Stayed On In France, Rejected Socialism



Mario Vargas Llosa: 1936—: Writer.

Already a profound chronicler of South America's political and social reality, Mario Vargas Llosa took an unusual step for a writer in the 1980s: he immersed himself in the political life of his native Peru rather than simply standing outside it as an observer. In the widest sense, Vargas Llosa has been a champion of freedom, a writer who spoke out against abuses of military and government power, who defied literary conventions, and who stood up for the cause of freedom of expression for writers worldwide.
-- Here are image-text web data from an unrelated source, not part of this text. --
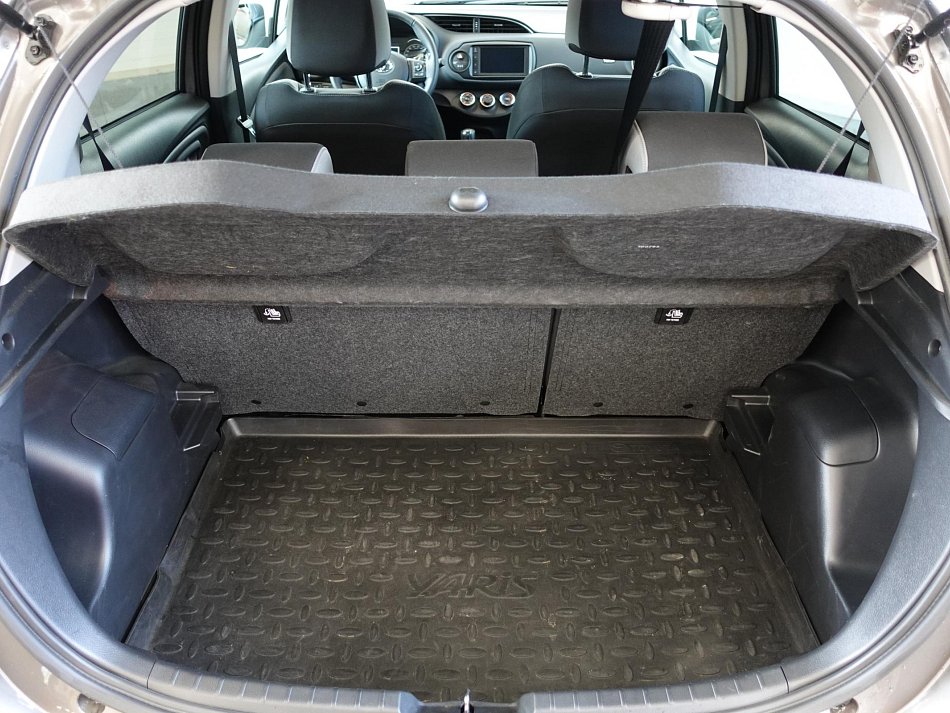 Toyota Yaris 1.5i 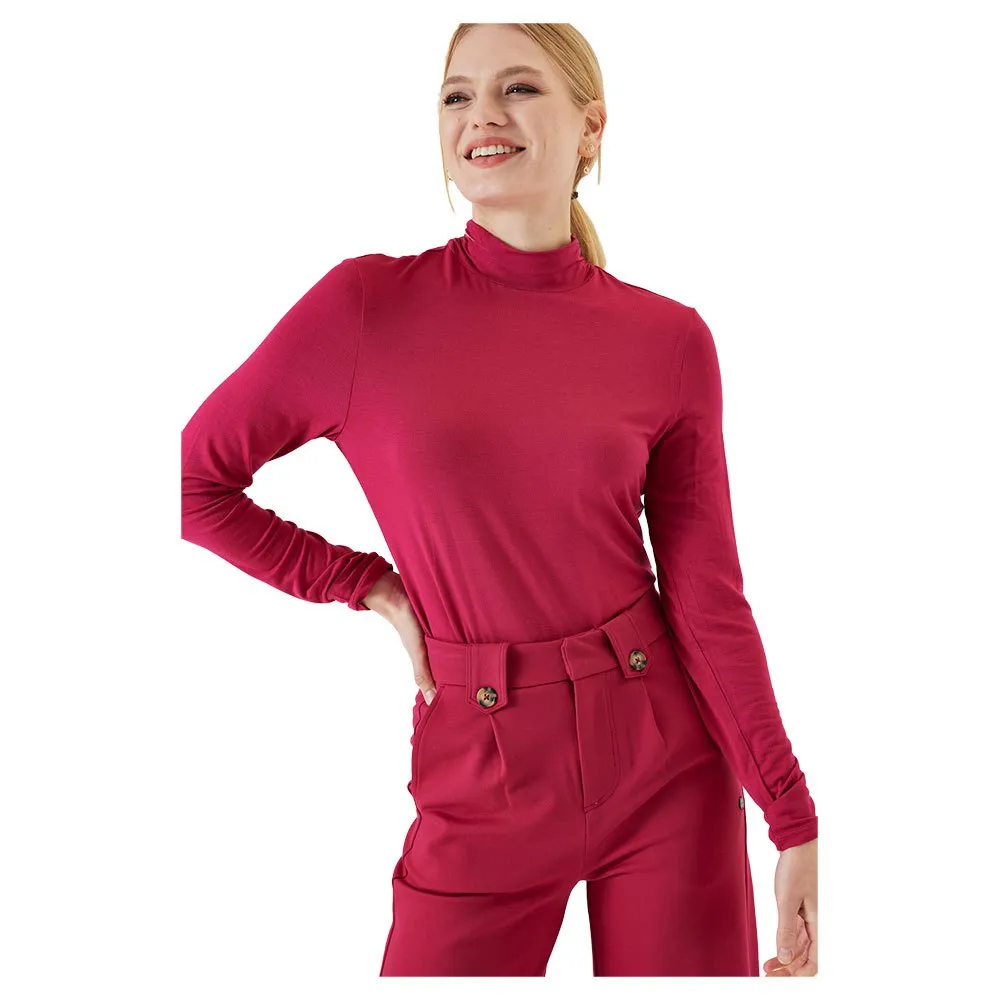 

Футболка Garcia L30203, красный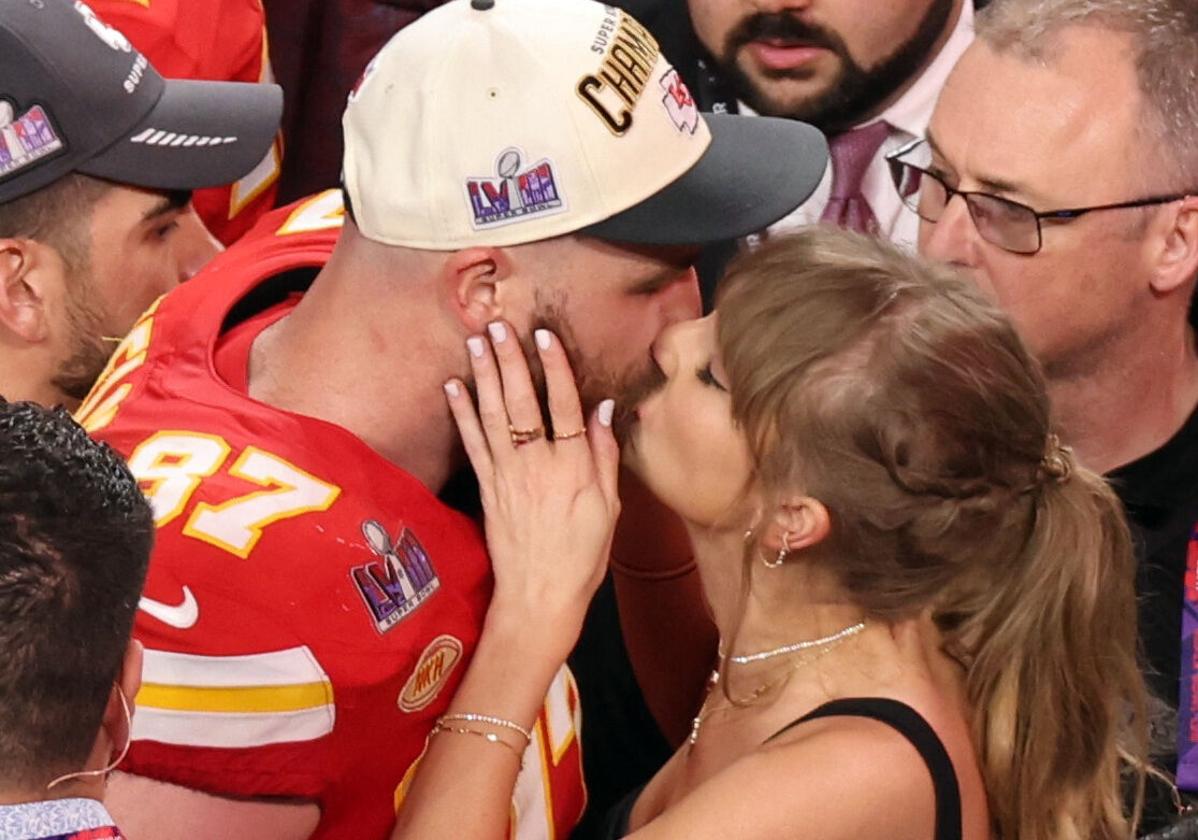 Travis Kelce y Taylor Swift.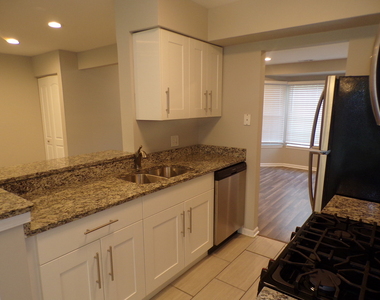 558 Nantucket Way - Photo Thumbnail 8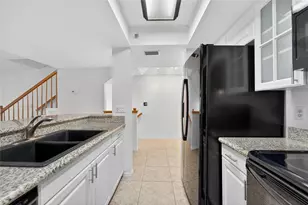 9558 Tara Cay Ct, Seminole, FL 33776 - Photo 17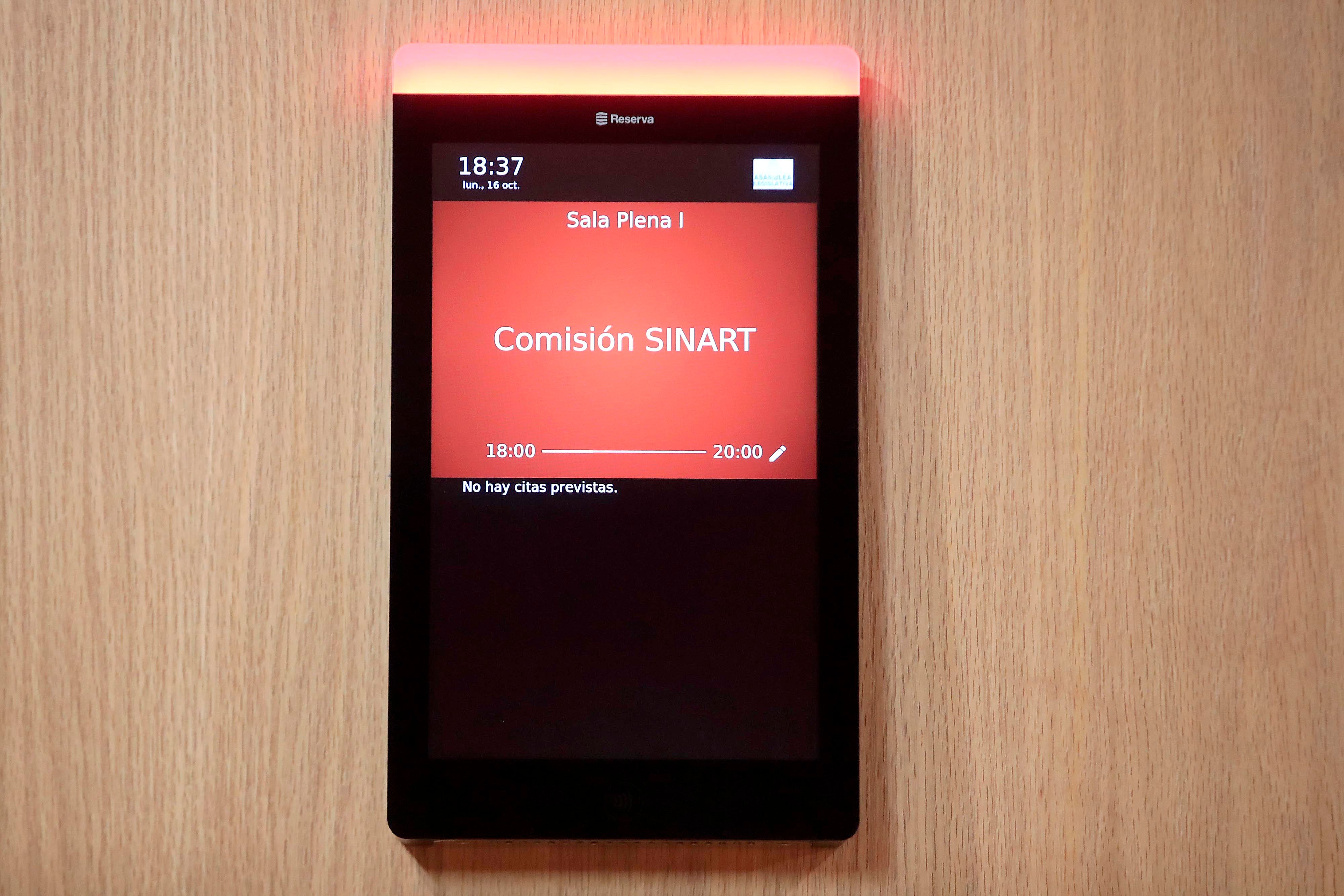 16/10/2023 Asamblea Legislativa. Mariana Fernández Sequeira, ex directora de Asesoría Jurídica, Sistema Nacional de Radio y Televisión (Sinart) comparece ante Comisión Especial Investigadora de las Contrataciones Relacionadas con Publicidad y Empresas de Medios Alternativos y Medios Tradicionales (Agencia de Publicidad del Sinart).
His more than 15 novels and numerous other writings have gained him international acclaim as one of Latin America's most significant writers of the 20th century.



Vargas Llosa was born in the Peruvian city of Arequipa on March 28, 1936. He spent part of his childhood in Bolivia and was a voracious reader from the start; with an inclination toward classic novels of adventure such as The Three Musketeers, he sometimes penned his own endings, if the ones supplied were not to his liking. Vargas Llosa moved back to Peru with his family in 1945. For a time they lived in the small city of Piura, whose desolate house of prostitution would figure heavily in Vargas Llosa's novel, The Green House (La casa verde). Vargas Llosa later attended parochial school in Lima, but after his father found out about his literary efforts he was sent for two years to a military school called Leoncio Prado.